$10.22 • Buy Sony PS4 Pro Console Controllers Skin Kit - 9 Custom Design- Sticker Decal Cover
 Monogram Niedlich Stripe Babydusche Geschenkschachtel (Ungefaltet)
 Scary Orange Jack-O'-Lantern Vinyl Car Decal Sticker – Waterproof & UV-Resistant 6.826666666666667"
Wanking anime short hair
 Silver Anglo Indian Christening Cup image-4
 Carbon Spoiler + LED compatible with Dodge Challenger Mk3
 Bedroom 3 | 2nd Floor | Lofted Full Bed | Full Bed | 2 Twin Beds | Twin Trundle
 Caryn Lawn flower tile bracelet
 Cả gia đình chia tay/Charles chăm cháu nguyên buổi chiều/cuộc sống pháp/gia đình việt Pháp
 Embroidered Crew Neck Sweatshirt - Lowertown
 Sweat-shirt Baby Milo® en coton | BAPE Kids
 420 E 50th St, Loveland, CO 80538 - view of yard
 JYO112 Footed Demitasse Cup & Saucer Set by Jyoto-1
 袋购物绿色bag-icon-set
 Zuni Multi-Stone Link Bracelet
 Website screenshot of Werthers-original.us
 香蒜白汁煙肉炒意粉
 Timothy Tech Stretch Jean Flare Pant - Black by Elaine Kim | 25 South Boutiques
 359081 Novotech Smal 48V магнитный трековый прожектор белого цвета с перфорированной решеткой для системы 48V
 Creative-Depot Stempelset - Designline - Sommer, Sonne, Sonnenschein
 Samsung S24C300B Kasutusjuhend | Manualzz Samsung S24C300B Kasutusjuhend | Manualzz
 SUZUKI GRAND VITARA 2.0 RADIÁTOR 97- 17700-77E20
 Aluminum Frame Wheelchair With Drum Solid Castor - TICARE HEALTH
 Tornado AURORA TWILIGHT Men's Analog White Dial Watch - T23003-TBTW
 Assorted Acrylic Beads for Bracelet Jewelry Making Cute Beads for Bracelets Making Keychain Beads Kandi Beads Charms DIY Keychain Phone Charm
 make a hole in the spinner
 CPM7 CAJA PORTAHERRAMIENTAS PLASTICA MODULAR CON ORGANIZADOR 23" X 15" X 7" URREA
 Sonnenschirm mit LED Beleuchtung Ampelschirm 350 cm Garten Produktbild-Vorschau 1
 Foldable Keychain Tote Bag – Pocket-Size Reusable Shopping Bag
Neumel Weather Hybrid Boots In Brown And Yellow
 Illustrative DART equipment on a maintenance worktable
= = = = =
- **INSTRUCTIONS TO FOLLOW**:
Retype, exactly as written, each line from the one containing "Embroidered Crew Neck Sweatshirt - Lowertown" through the last line of the listing above, and leave out all other lines.

- **RESPONSE AREA**:
 Embroidered Crew Neck Sweatshirt - Lowertown
 Sweat-shirt Baby Milo® en coton | BAPE Kids
 420 E 50th St, Loveland, CO 80538 - view of yard
 JYO112 Footed Demitasse Cup & Saucer Set by Jyoto-1
 袋购物绿色bag-icon-set
 Zuni Multi-Stone Link Bracelet
 Website screenshot of Werthers-original.us
 香蒜白汁煙肉炒意粉
 Timothy Tech Stretch Jean Flare Pant - Black by Elaine Kim | 25 South Boutiques
 359081 Novotech Smal 48V магнитный трековый прожектор белого цвета с перфорированной решеткой для системы 48V
 Creative-Depot Stempelset - Designline - Sommer, Sonne, Sonnenschein
 Samsung S24C300B Kasutusjuhend | Manualzz Samsung S24C300B Kasutusjuhend | Manualzz
 SUZUKI GRAND VITARA 2.0 RADIÁTOR 97- 17700-77E20
 Aluminum Frame Wheelchair With Drum Solid Castor - TICARE HEALTH
 Tornado AURORA TWILIGHT Men's Analog White Dial Watch - T23003-TBTW
 Assorted Acrylic Beads for Bracelet Jewelry Making Cute Beads for Bracelets Making Keychain Beads Kandi Beads Charms DIY Keychain Phone Charm
 make a hole in the spinner
 CPM7 CAJA PORTAHERRAMIENTAS PLASTICA MODULAR CON ORGANIZADOR 23" X 15" X 7" URREA
 Sonnenschirm mit LED Beleuchtung Ampelschirm 350 cm Garten Produktbild-Vorschau 1
 Foldable Keychain Tote Bag – Pocket-Size Reusable Shopping Bag
Neumel Weather Hybrid Boots In Brown And Yellow
 Illustrative DART equipment on a maintenance worktable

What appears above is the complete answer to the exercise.